++++ Source material
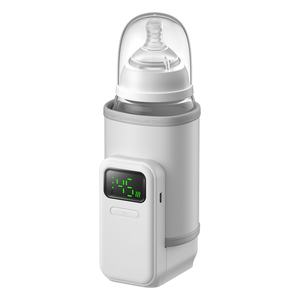 Chauffe-lait portable personnalisé à une touche, sans fil, 5000 mAh, chauffe-biberon électrique pour l'extérieur - Product Image 6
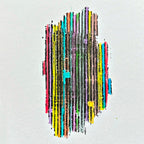 Paper Artsy Eclectica Mini 110 Seth Apter em110 rainbow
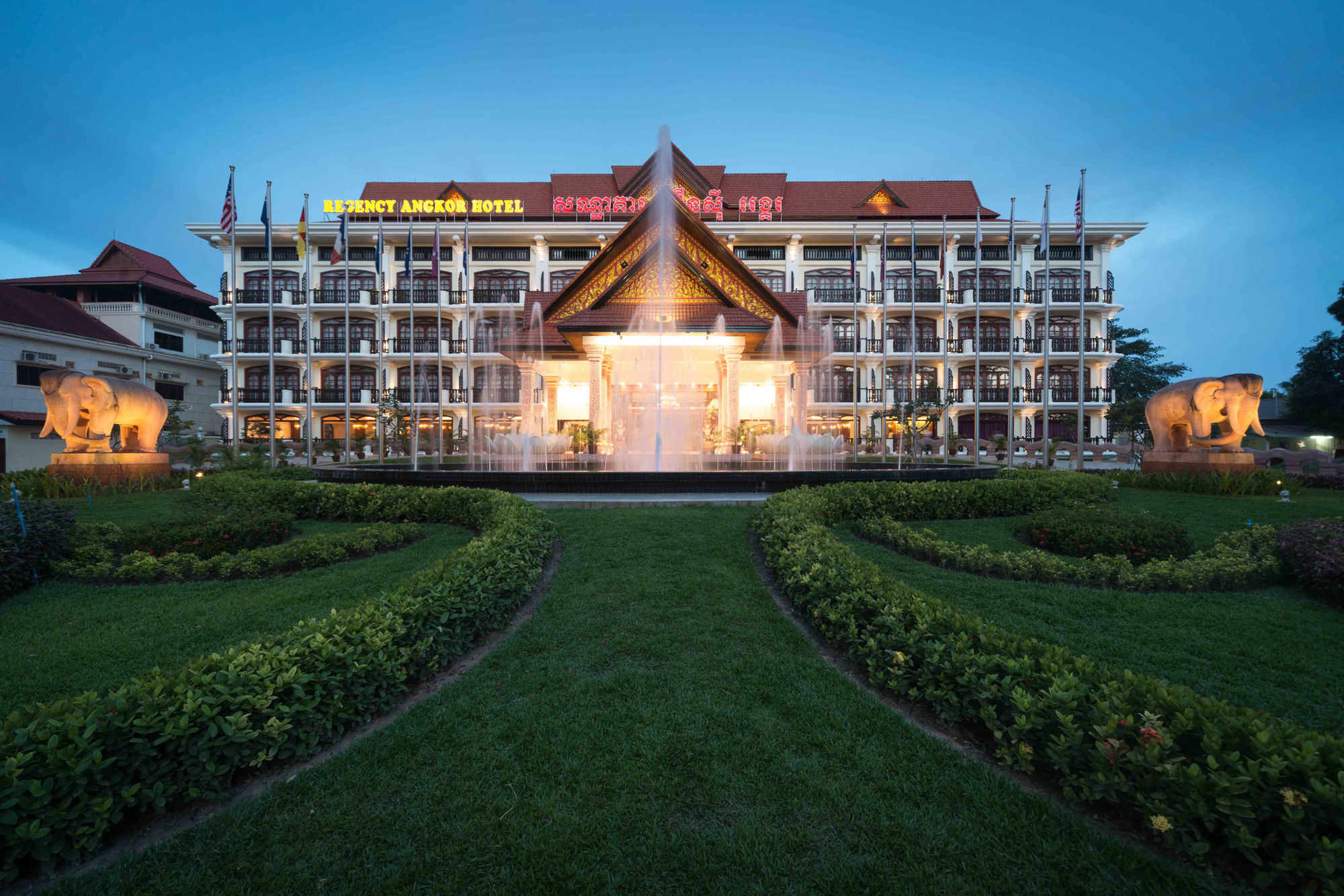 REGENCY ANGKOR HOTEL - Cambodia - Siem Reap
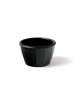 SAUCIER ROND MELAMINE NOIR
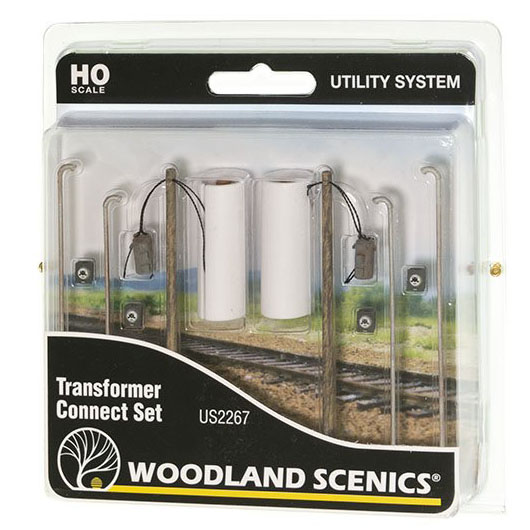 HO-SCALE TRANSFORMER CONNECT SET
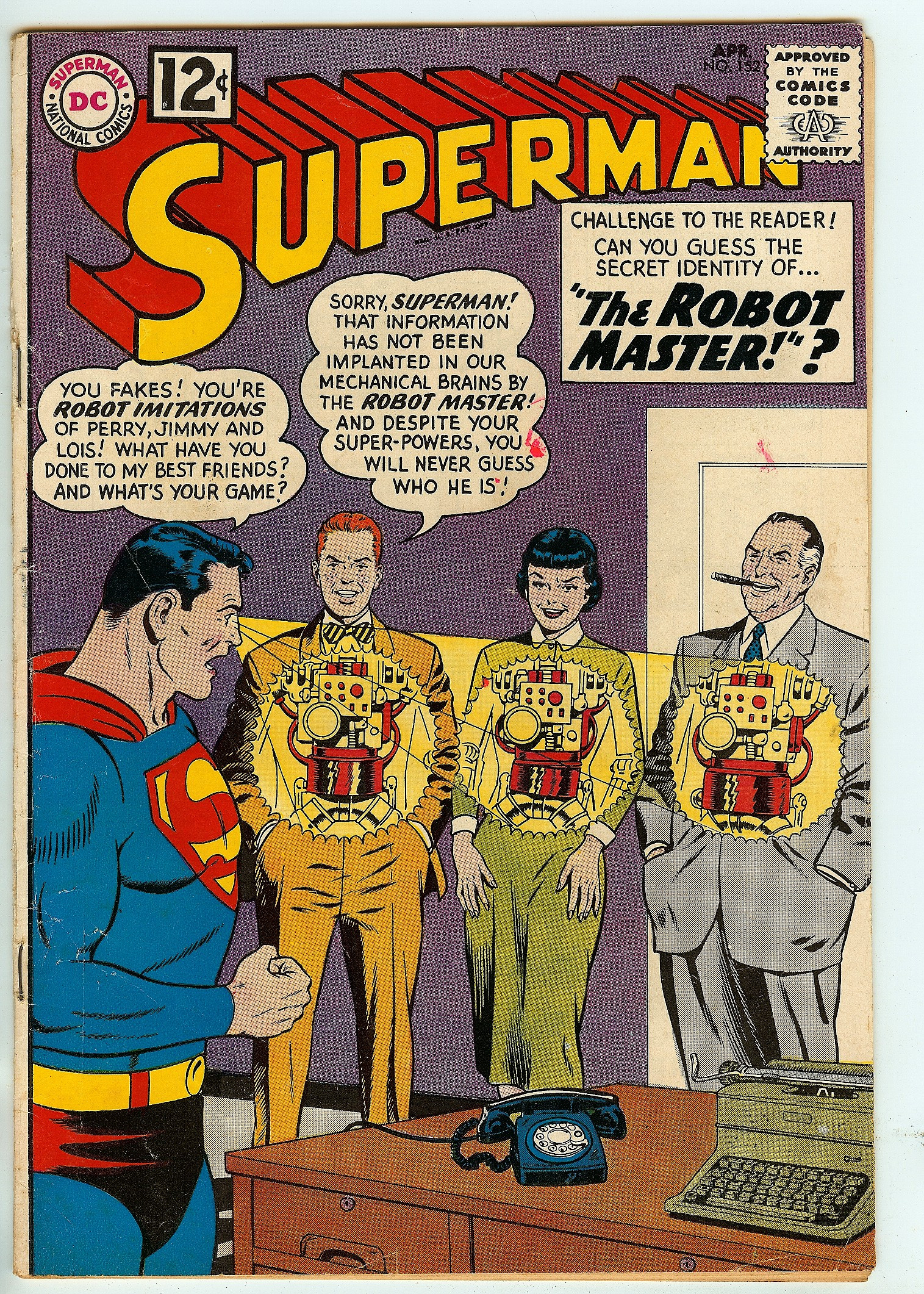 SUPERMAN Front Cover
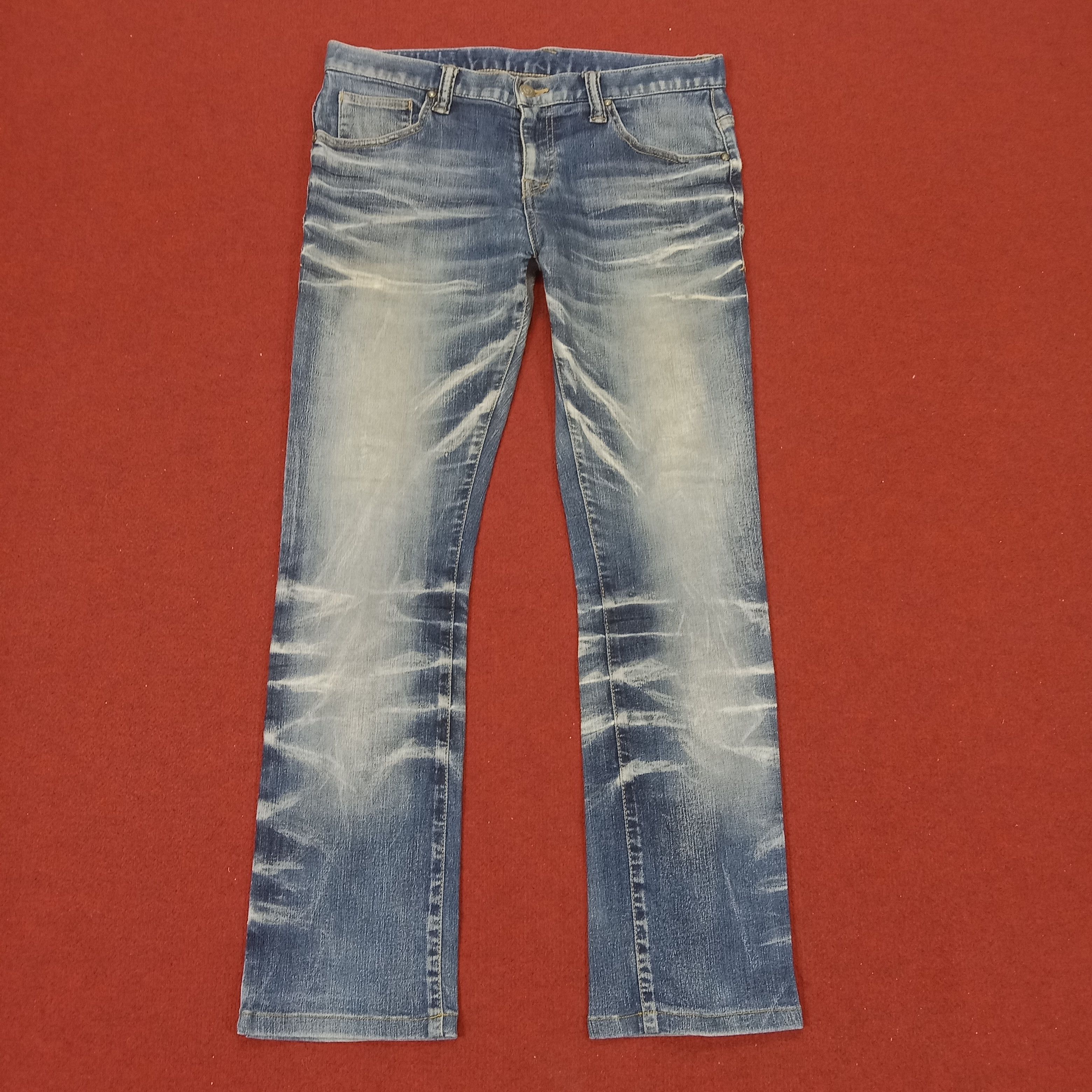 Japanese Brand Tornado Mart Japanese Brand Streetwear Fashion Style Jeans Size 32" / US 10 / IT 46 - 1 Thumbnail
++++++++
• [Try it]:
Please copy exactly the lines from the one containing "SUPERMAN Front Cover" through the end of the records above, leaving out every picture.

• [Response]:
 SUPERMAN Front Cover
 Japanese Brand Tornado Mart Japanese Brand Streetwear Fashion Style Jeans Size 32" / US 10 / IT 46 - 1 Thumbnail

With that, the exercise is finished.